Oramai anche il Governo (passato e presente) non può far più finta di nulla: i voucher hanno creato una nuova forma di sfruttamento di cui soprattutto i giovani sono inevitabilmente vittime. I dati, pubblicati contemporaneamente sui siti istituzionali di Istat, ministero del Lavoro, Inps e Inail come stabilito da un accordo tra le parti il 22 dicembre 2015, sono inequivicabili: nei primi nove mesi dell’anno i voucher venduti sono stati 109,5 milioni, il 34,6% in più rispetto all’analogo periodo dell’anno precedente.
Insomma, una valanga. Peccato che i giornali renziani preferiscano virare su altro (come Repubblica, uno su tutti, che titola: “a dicembre sale la fiducia delle famiglie”). Ma torniamo alla piaga voucher. Quelli riscossi per attività svolte nel 2015 (quasi 88 milioni) corrispondono a circa 47mila lavoratori annui full-time e rappresentano solo lo 0,23% del totale del costo lavoro in Italia.

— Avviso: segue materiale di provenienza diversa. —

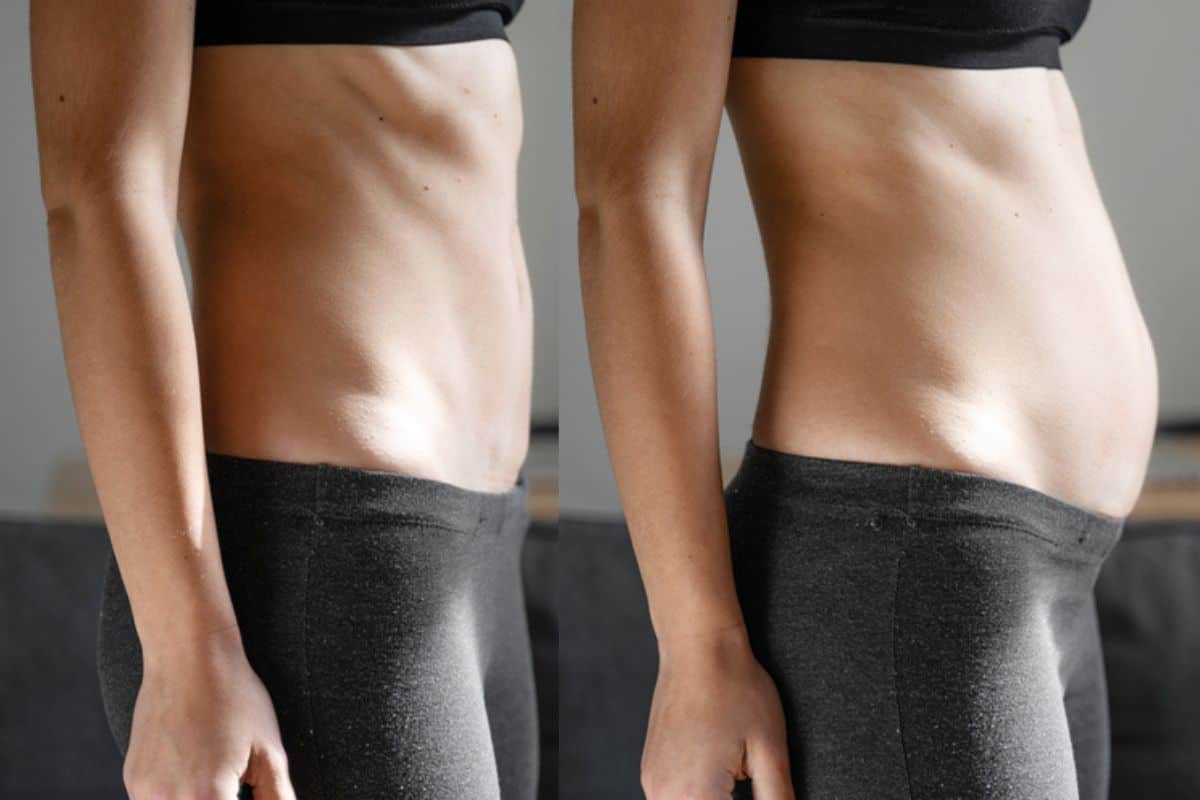 How long does diastasis recti take to improve West Sussex?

Il numero mediano di voucher riscossi dal singolo lavoratore che ne ha usufruito è 29 nell’anno 2015: ciò significa che il 50% dei prestatori di lavoro accessorio ha riscosso voucher per (al massimo) 217,50 euro netti. Non proprio una cifra esaltante. Non proprio una somma che permette di lavorare.

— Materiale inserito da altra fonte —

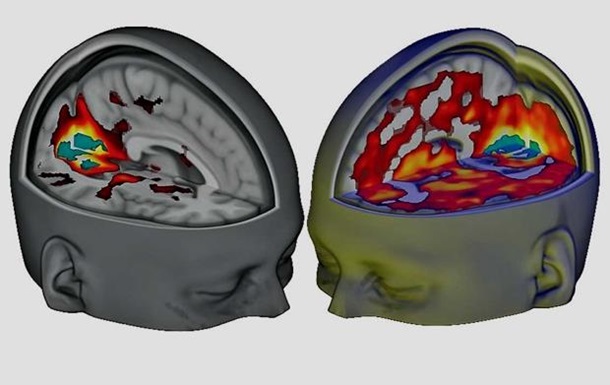 Мозок людини під ЛСД вперше вивчили через МРТ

Non è un caso che proprio oggi sia Maurizio Martina che Andrea Orlando sono intervenuti sulla questione. “È necessaria una stretta sui voucher – ha detto Martina in un’intervista rilasciata al Corriere della Sera – affrontando il tema con un’analisi attenta settore per settore. Bisogna intervenire circoscrivendo meglio i requisiti soggettivi per l’utilizzo dei voucher, ma sono contrario alla loro abolizione. La finalità iniziale dei voucher era positiva: hanno fatto emergere una fetta di lavoro nero. Ma poi, con la progressiva liberalizzazione introdotta ben prima del governo Renzi, hanno rischiato di accentuare in alcuni settori la precarizzazione dei rapporti di lavoro. È su questa distorsione che bisogna intervenire”. Dello stesso avviso pure Andrea Orlando: “Il tema dei Voucher – ha detto a Rtl 102.5 – credo debba essere affrontato circoscrivendo l’utilizzo di questi strumenti che altrimenti rischiano di essere, anziché uno strumento per far emergere il nero, uno strumento di precarizzazione in contrasto con alcune misure contenute nel jobs act stesso”.